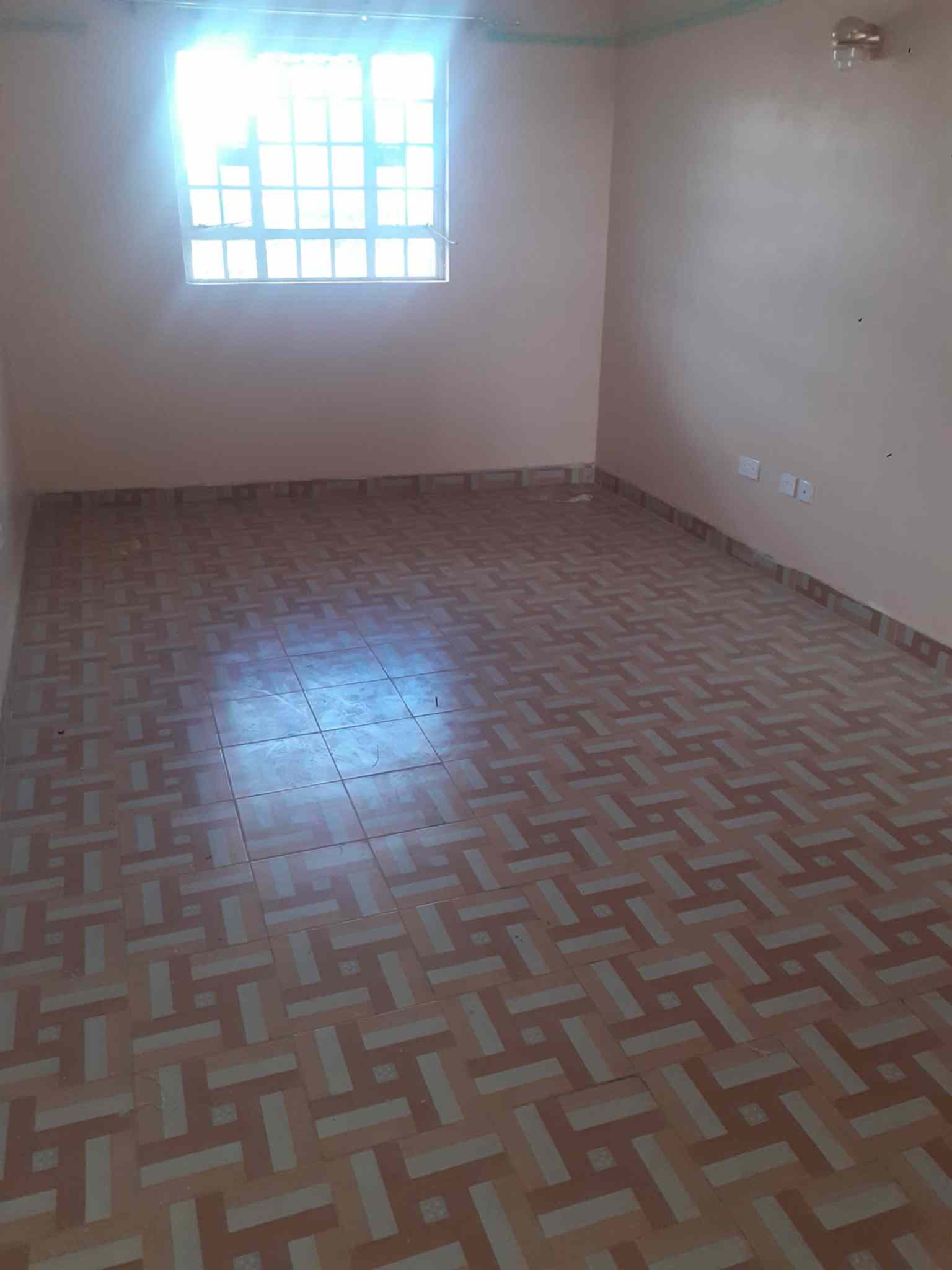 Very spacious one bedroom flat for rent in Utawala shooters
--
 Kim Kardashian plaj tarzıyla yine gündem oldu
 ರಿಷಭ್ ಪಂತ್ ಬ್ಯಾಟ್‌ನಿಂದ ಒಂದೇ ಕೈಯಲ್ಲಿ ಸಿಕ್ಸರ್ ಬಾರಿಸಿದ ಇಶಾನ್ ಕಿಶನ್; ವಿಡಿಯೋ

> _WORK INSTRUCTION_:
All lines above between those holding "Kim Kardashian plaj" and "ರಿಷಭ್ ಪಂತ್ ಬ್ಯಾಟ್‌ನಿಂದ", inclusive, must be set down unchanged, and no other line may be included.

> _ANSWER TO THIS TASK_:
 Kim Kardashian plaj tarzıyla yine gündem oldu
 ರಿಷಭ್ ಪಂತ್ ಬ್ಯಾಟ್‌ನಿಂದ ಒಂದೇ ಕೈಯಲ್ಲಿ ಸಿಕ್ಸರ್ ಬಾರಿಸಿದ ಇಶಾನ್ ಕಿಶನ್; ವಿಡಿಯೋ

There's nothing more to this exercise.